Last week, the FCC awarded the latest round of its Connect America Fund Phase II. NE Colorado Cellular (known as Viaero Wireless) was among the latest awardees, receiving $2.8 million to expand broadband services to 731 locations in northeast Colorado. Five Colorado companies, including Viaero, had previously received $1.74 million in CAF 2 funds.
And the 481-mile fiber line stretching from Georgetown to Rangely became fully operational last month from the Northwest Colorado Council of Governments.
Northwest COG’s “Project Thor” network runs through a 10-county region and sells service to municipalities, school districts, health care facilities and internet service providers, like Allo, which then build out the rest of the lines to customer homes.
The 92% goal, which was set in 2018, doesn’t mean as much to communities doing the work of building out broadband.
“That number is a nearly meaningless geographic aggregation which does not reflect the daily experience of citizens or businesses who use the internet across rural Colorado for an array of needs,” said Jon Stavney, Northwest COG’s executive director. “Because the coverage metric, if you can call it that, comes top down from industry, rather than bottom up from the needs of users for things that include speed, reliability and a fair price, it should be recognized for the very fuzzy generalization that it is. It isn’t really a metric at all.”
But how it does help the communities is to remind everyone about what it costs to install broadband in places where people live miles away from a neighbor, said Mark Kurtz, senior business project manager at Elevate Fiber, the internet service from Delta-Montrose Electric Association.

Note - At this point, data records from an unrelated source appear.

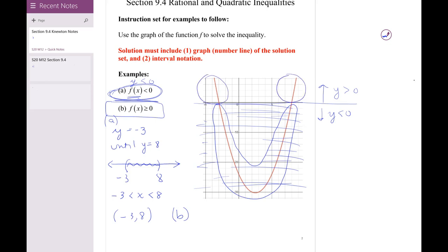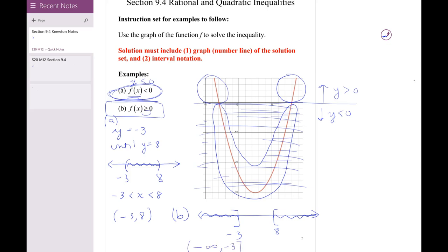In part b, we ask where the y-values are positive or zero. That happens when x values go from negative infinity to negative three, and again from eight to infinity. At x = -3 and x = 8 the function equals zero, so those endpoints are included. The interval notation is (-∞, -3] ∪ [8, +∞), meaning we want x values less than or equal to -3, or greater than or equal to 8.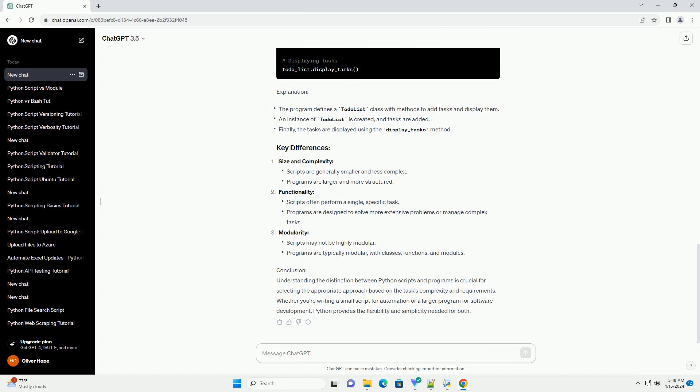Functionality, Modularity, Conclusion. Understanding the distinction between Python scripts and programs is crucial for selecting the appropriate approach based on the task's complexity and requirements. Whether you're writing a small script for automation or a larger program for software development, Python provides the flexibility and power needed.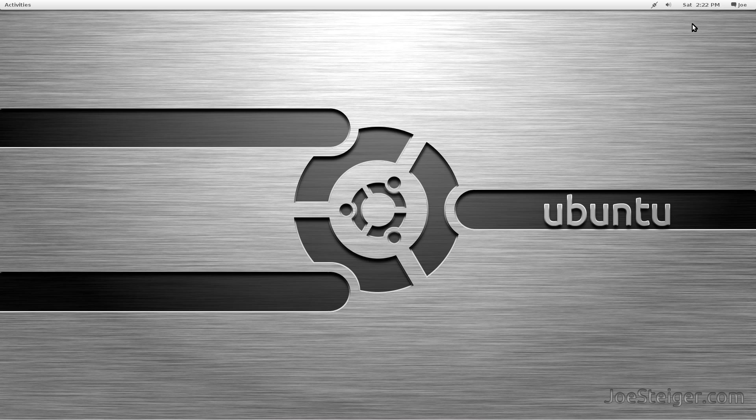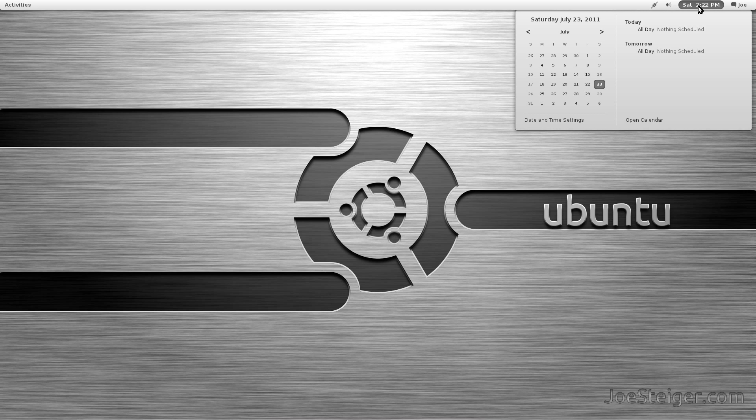There we go. The clock is now on the right side of the panel, where it usually is with GNOME.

The company, which applied for a $1.4 million grant from the state Department of Regulatory Affairs to cover the North Mesa region, has now covered 60% of its community in four years with gigabit service. In those neighborhoods, there are maybe 100 people — and potential customers — living within a mile of one another. The remaining 40% targets the “truly rural,” he said, and could take 30 to 50 years to recover the costs.
“If this were CenturyLink or Charter, they would only build where they see a return for their money and typically they want to see a return in 24 months. That’s why they’ve never come to the more desolate areas,” Kurtz said. “There’s really no money to be made, to be frank. A mile of infrastructure (costs) a mile of infrastructure.”

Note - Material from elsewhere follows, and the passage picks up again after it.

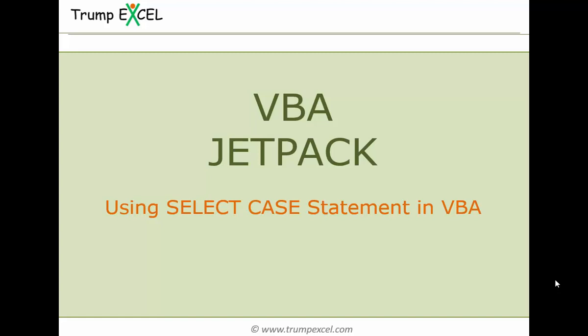Hello and welcome to the VBA Jetpack course by Trump Excel. I am Sumit Bansal and in this video we will learn how to use select case statements in VBA. So let's get started.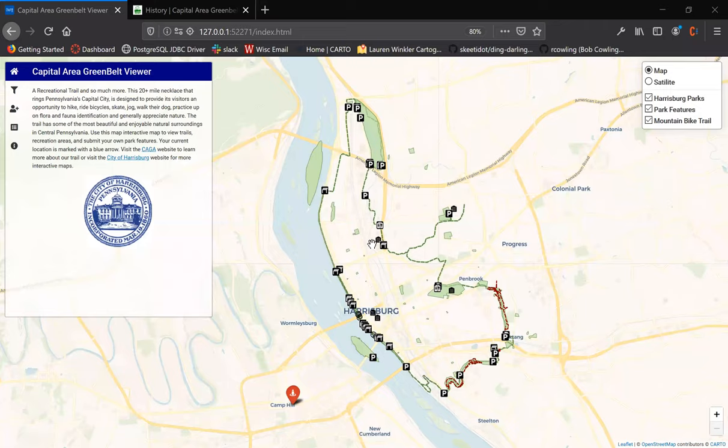Hi, my name is Evan Rubin and today I'll be demonstrating a web application I created for the Capital Area Greenbelt. First I'm going to give an introduction and some background information, and next I'll give a demonstration of the map's functionality. This interactive map was completed for a grad school course at the University of Wisconsin. The Greenbelt is a 20-mile looping trail located here in Harrisburg.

But as a co-op, financial return is outweighed by the need of members. Seeing a return after 30 to 50 years is not unheard of. Getting federal or state help will speed up the co-op’s break-even point, he said.
“With a partnership, the 30 to 40 years can now break even in 10,” he said. “We need to lean on partnerships with (the state and federal agencies).”
This story was updated at 9 a.m. on May 21 to include additional rural projects receiving grants from the state.